Those of us here in Boston are intimately familiar with the details. We were glued to our television sets, radios, and computers, watching as our city turned into a temporary war zone. At first the events were confusing—conflicting reports and a story line that didn’t make sense. But in the days following the chaotic scene that unfolded in Cambridge and Watertown on the evening of April 18, 2013, just days after the Boston Marathon bombings, a coherent narrative was put forward in local media, largely based on anonymous and government sources.
See update below.
But new reporting, quoting an MIT police officer, undermines a core FBI claim about what happened that fateful night.

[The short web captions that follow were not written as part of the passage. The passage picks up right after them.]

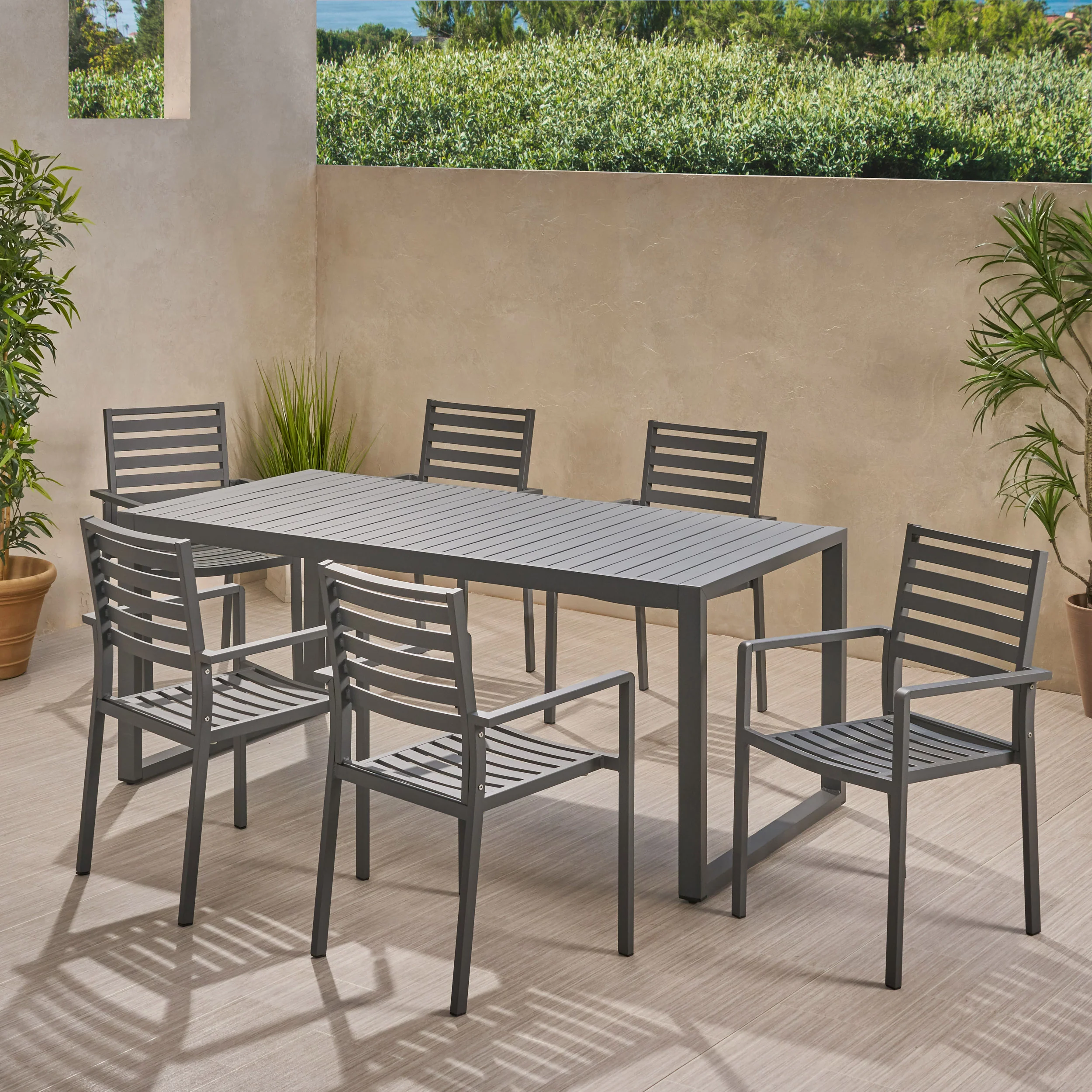 Fatiha 6 Seater Aluminum Dining Set - furnishings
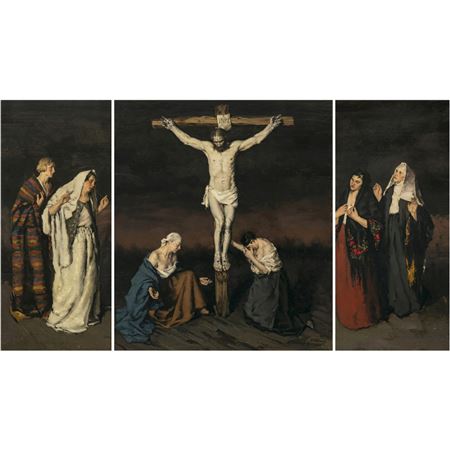 Triptych with the Crucifixion of Christ by Peter Kalman - Auction record, sale price, and art valuation. Compare with similar artists and explore comparable artworks.
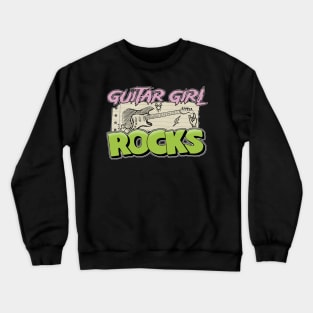 Guitar Girl Rocks Crewneck Sweatshirt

Only one of these stories—the FBI’s or the MIT officer’s—can be true.
On the evening of April 18, 2013, the FBI released photographs of the Tsarnaev brothers to the public for the first time. According to the bureau, agents had been sitting on the images for about 36 hours. Even though the Boston FBI office had previously interviewed and monitored Tamerlan Tsarnaev—a two-time New England Golden Gloves boxing champion relatively well known in the area—agents apparently couldn’t remember his name. The bureau’s face recognition software failed. So, the narrative goes, having run out of options, the FBI called on the public to help.
About five hours after the photographs were released, MIT police officer Sean Collier was shot multiple times at the intersection of Vassar and Main streets in Cambridge. He died that night.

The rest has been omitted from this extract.